Há também vantagens em tornar mais ecológica a utilização de comunicações 5G para as próprias companhias aéreas. Podem reduzir o peso das aeronaves, por exemplo, removendo os ecrãs de entretenimento nos encostos de cabeça. Algumas transportadoras, tais como a Alaska Airlines, oferecem suportes nas costas dos encostos de cabeça onde os passageiros podem afixar os seus tablets para utilização com Wi-Fi.

“Nesta fase, é incerto quantas companhias aéreas irão implementar a conectividade 5G nos seus aviões”, disse Bieler. “Afinal, um avião é um dos últimos lugares onde se pode escapar ao balbuciar de muitos utilizadores de smartphones.

“As companhias aéreas terão de decidir o que a experiência do cliente significa para os seus passageiros: a liberdade e relativa tranquilidade de uma zona livre de conectividade ou a liberdade de permanecerem sempre ligadas”, disse Beiler. “Se optarem por esta última, as companhias aéreas poderão querer considerar a possibilidade de fornecer regras básicas de etiqueta de utilização de smartphones”.

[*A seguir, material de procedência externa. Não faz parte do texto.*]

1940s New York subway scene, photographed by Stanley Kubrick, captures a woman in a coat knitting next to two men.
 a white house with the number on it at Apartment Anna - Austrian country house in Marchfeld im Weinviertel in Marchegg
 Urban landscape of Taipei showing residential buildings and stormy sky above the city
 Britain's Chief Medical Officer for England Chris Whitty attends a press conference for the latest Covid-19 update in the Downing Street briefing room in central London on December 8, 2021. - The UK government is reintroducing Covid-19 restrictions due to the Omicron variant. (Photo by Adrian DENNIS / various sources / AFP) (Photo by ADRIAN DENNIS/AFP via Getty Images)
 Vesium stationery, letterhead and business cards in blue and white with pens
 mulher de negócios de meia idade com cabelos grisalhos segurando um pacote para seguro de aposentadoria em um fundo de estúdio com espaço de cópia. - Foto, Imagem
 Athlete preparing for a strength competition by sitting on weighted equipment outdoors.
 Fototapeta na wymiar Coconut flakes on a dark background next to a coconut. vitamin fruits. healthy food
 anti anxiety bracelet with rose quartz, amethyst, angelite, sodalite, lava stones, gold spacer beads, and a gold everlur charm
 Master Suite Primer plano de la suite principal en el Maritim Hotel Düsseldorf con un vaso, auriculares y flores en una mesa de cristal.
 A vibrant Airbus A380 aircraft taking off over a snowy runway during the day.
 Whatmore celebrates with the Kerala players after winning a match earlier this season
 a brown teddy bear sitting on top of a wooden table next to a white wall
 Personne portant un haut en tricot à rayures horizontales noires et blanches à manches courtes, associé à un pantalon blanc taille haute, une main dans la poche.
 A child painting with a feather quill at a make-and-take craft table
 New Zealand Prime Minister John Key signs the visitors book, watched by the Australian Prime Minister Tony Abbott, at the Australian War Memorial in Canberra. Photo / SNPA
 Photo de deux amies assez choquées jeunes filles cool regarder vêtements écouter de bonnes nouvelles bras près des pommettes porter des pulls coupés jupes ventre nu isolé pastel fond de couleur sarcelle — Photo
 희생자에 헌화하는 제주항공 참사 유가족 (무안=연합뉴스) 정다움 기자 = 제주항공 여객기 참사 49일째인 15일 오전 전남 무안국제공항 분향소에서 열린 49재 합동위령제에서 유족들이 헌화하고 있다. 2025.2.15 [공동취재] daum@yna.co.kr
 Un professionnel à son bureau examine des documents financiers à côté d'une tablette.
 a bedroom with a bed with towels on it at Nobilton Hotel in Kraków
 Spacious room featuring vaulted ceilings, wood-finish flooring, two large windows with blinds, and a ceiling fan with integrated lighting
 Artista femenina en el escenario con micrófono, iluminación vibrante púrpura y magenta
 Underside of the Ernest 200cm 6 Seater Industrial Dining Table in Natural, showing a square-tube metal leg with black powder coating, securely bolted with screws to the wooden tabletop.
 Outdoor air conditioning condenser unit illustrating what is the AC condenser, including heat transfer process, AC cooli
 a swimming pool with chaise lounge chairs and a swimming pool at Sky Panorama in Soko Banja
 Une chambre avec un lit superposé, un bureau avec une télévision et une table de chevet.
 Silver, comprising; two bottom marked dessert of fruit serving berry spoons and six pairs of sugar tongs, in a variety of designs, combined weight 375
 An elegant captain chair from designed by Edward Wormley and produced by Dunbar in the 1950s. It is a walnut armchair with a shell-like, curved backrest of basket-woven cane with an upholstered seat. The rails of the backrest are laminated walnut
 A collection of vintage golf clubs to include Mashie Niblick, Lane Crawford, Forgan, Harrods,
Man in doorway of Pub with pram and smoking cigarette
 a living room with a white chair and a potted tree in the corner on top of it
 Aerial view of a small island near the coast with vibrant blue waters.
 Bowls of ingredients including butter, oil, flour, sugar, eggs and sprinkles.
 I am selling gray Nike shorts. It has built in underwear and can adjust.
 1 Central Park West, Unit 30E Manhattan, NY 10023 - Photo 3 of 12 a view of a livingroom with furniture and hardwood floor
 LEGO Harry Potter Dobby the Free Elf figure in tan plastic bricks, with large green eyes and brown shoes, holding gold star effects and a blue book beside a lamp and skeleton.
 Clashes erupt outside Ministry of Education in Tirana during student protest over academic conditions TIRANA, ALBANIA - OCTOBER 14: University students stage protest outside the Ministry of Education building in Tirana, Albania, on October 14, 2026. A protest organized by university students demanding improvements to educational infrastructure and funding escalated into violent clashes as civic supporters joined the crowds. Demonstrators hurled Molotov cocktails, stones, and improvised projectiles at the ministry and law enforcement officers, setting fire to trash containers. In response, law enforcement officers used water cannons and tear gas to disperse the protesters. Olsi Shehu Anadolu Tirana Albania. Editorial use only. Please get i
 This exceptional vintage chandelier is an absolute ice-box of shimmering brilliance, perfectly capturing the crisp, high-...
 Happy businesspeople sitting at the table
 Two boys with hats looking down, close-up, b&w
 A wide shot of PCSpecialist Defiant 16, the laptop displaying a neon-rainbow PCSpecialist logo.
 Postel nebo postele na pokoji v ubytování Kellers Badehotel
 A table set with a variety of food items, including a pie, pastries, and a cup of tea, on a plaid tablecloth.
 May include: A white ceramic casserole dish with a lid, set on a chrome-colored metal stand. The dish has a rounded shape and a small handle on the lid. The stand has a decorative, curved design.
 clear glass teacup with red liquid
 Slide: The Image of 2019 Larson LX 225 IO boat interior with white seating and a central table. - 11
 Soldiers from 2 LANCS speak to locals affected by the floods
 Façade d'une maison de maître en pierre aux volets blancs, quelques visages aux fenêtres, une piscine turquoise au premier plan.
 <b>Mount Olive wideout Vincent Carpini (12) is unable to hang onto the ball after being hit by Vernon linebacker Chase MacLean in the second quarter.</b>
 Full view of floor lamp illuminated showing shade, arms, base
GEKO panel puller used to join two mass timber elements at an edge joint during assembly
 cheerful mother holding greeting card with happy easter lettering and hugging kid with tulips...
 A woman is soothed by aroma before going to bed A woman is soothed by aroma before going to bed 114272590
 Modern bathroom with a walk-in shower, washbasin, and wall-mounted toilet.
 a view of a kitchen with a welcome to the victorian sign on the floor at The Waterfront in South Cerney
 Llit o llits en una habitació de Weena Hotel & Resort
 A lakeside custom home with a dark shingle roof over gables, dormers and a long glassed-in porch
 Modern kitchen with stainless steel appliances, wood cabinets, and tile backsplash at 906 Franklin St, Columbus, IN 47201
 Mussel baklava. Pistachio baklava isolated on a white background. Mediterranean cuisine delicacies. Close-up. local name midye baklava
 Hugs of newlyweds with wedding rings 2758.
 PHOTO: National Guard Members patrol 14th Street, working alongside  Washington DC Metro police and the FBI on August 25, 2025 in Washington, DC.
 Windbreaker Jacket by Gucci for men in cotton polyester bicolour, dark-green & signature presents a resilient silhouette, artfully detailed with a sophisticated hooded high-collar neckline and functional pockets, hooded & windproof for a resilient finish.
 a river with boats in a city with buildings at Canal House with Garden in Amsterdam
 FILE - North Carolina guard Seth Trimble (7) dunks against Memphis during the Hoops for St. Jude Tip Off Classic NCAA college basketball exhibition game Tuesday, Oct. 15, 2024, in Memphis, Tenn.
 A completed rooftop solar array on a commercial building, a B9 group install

Em dezembro de 2021, a FCC propôs o acesso a serviços móveis a bordo para todos os passageiros, mas a decisão de deixar os consumidores acederem aos seus dispositivos móveis enquanto estiverem no ar ficará ao critério exclusivo de cada companhia aérea.

Em junho, a FAA atualizou as suas orientações para dizer que as frotas “comerciais de linha principal” deverão ser equipadas com altímetros atualizados ou filtros 5G até julho de 2023, após o que se espera que as companhias sem fios continuem a implantar redes 5G perto da maioria dos aeroportos “com restrições mínimas”.

A FCC, numa FAQ, observou: “Se adotadas, …novas regras poderiam dar às companhias aéreas a capacidade de instalar um Sistema de Acesso Aéreo que forneceria a ligação entre os dispositivos sem fios dos passageiros e as redes comerciais sem fios, tal como o serviço Wi-Fi é hoje fornecido a bordo das aeronaves para fornecer ligações à Internet e gerir as ligações em segurança”, disse a agência.